◆ Problem details
With nothing added or dropped, copy the data that follows exactly.

━━━━━ Provided data ━━━━━

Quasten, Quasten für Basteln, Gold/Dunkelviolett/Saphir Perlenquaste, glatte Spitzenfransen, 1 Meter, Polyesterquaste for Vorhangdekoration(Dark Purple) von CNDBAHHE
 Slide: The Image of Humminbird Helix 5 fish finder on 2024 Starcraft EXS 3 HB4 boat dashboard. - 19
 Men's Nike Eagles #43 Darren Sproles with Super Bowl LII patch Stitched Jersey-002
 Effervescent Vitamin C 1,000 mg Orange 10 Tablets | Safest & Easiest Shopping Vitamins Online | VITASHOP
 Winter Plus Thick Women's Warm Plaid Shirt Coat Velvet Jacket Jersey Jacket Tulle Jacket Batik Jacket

━━━━━

◆ Solved exercise
Quasten, Quasten für Basteln, Gold/Dunkelviolett/Saphir Perlenquaste, glatte Spitzenfransen, 1 Meter, Polyesterquaste for Vorhangdekoration(Dark Purple) von CNDBAHHE
 Slide: The Image of Humminbird Helix 5 fish finder on 2024 Starcraft EXS 3 HB4 boat dashboard. - 19
 Men's Nike Eagles #43 Darren Sproles with Super Bowl LII patch Stitched Jersey-002
 Effervescent Vitamin C 1,000 mg Orange 10 Tablets | Safest & Easiest Shopping Vitamins Online | VITASHOP
 Winter Plus Thick Women's Warm Plaid Shirt Coat Velvet Jacket Jersey Jacket Tulle Jacket Batik Jacket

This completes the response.